Segment Open

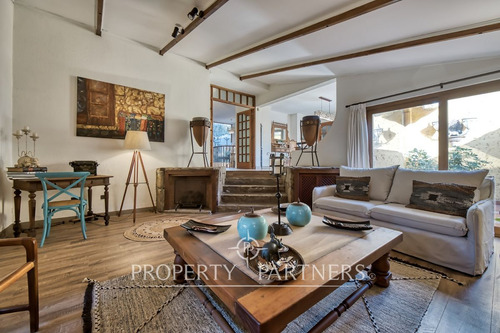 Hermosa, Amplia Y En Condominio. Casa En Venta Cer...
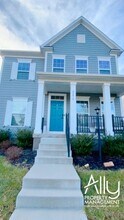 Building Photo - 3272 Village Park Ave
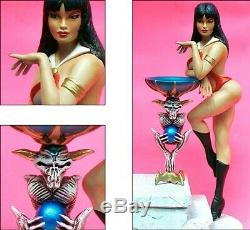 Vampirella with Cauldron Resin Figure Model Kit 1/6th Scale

Segment Closed
Segment Open

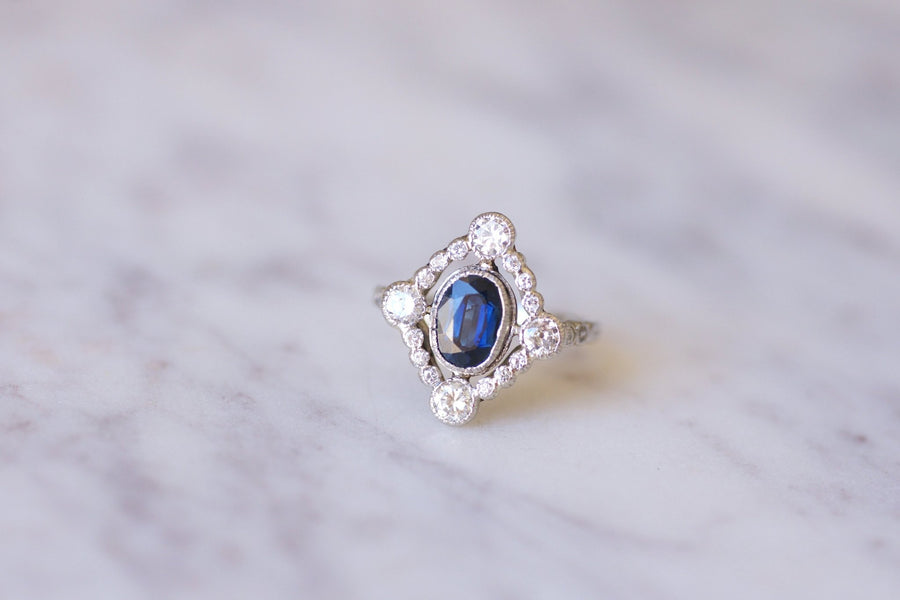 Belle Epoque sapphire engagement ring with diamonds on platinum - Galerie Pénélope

Segment Closed

» Task to carry out: Within the listing above, print exactly the stretch beginning at the line that contains "Building Photo - 3272 Village Park Ave" and finishing at the line that contains "Vampirella with Cauldron", ends kept, pictures left out, and nothing more.

» Answer to the problem:
 Building Photo - 3272 Village Park Ave
 Vampirella with Cauldron Resin Figure Model Kit 1/6th Scale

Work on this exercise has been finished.